Ein SPD-Ratsherr aus Gelsenkirchen meinte einmal zu mir: „Wenn Du DIE LINKE wählst, wählst Du rechts.“ Ich habe lang genug Parteipolitik gemacht um zu wissen, wie in einer Partei taktiert wird. Aber gegen diese Behauptung bleibt nur zu sagen: Wenn ich links wähle, wähle ich links. Fertig! Wenn es in der SPD üblich zu sein scheint, dass man das eine wählt, weil man das andere bewirken will, so ist das einmal mehr ein Zeichen, nicht nur Politiker in die Verantwortung zu bringen.

Wir müssen unseren gesellschaftlichen Strukturen auf den Grund gehen. Derzeit werden wir alle wieder politischer, die Demokratie ist in Wallung. Und das ist gut so. Wir werden nie eine Gesellschaft haben, in der es nur kluge Menschen geben wird. Und außerdem: Die meisten Entscheidungen von Menschen entstehen aus der Emotionalität. Je größer der Zorn, desto mehr Protest bei der Wahl.

Und hier bin ich wieder bei meiner Forderung, dass wir eine Aufklärung 2.0 inklusive der Psyche auflegen. Es bringt gar nichts, AfD-Wähler zu diskreditieren. Somit werden sie nur noch zorniger. Es ist jedoch auch sehr schwierig, mit ihnen zu reden. Ich habe durchaus schon meine Erfahrungen gemacht, bei denen ich um meine Gesundheit besorgt war. Aber erkennbar ist, dass meine Gesprächspartner emotional unaufgeräumt und unreflektiert waren. Sie konnten sich nicht selbst helfen, waren in schlimmen alltäglichen (Job)-Situationen. In einem Bildungssystem, welches nur auf Konformität aufgebaut ist und der Wirtschaft dienen soll, fühlt sich ein Mensch, der keine Perspektive für seine Existenz hat, hilflos. Und dann darf er nur alle vier Jahre wählen, bis dass alles nur noch schlimmer wird. Immerhin steht der (a)soziale Arbeitsmarkt in den Hufen. Mit EU-Fördergeldern gespickte Sklaverei. Auf der anderen Seite die Sanktionen vom Jobcenter.
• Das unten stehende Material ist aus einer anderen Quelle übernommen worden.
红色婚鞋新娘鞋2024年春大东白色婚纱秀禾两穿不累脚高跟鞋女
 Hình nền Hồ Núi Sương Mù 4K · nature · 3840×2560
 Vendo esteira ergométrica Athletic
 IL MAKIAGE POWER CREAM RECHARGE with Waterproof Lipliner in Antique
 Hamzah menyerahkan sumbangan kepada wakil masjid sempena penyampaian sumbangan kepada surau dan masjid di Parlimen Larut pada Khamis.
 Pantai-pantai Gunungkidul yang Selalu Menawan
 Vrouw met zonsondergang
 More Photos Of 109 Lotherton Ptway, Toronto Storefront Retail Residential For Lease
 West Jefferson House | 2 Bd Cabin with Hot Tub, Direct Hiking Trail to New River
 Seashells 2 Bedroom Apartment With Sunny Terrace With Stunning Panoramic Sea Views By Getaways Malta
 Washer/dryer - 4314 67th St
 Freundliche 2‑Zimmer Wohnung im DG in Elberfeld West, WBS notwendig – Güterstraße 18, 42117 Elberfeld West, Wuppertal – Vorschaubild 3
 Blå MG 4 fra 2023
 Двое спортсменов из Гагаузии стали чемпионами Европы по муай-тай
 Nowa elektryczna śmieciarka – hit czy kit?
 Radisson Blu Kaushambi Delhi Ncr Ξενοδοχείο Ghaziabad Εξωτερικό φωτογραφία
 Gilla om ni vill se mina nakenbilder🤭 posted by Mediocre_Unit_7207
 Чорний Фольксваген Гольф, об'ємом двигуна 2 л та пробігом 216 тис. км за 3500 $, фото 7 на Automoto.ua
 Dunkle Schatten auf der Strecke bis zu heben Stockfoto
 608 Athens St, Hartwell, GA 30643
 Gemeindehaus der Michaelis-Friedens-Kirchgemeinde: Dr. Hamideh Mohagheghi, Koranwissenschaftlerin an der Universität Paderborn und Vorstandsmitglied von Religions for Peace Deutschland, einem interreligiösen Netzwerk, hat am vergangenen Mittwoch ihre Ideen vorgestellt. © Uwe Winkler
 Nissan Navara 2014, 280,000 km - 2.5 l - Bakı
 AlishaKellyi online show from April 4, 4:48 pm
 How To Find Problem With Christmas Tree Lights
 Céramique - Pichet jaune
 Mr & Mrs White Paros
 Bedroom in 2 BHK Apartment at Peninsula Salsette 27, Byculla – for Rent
Ja, ich will den bundesweiten Volksentscheid und das BGE. Nein, eine Protestpartei bringt da mal gar nichts. Ein „weiter so“ kann ich mit meiner Stimme nicht verantworten. Ich wünschte mir, jeder Wähler würde sich ganz bewusst damit beschäftigen, was er wirklich will und gibt seine Stimme einem Menschen, dem er auch zutraut seinen Willen umzusetzen.

Mir ist noch immer nicht wohl, dass ich meine Stimme abgeben muss. Denn es muss ja erst eine Partei in eine Entscheidungsfunktion kommen, welche den Weg für unsere Mitbestimmung öffnet. Auch hier muss ich erst mal noch vertrauen.

Nun habe ich bereits gewählt und es ist eine DiB geworden.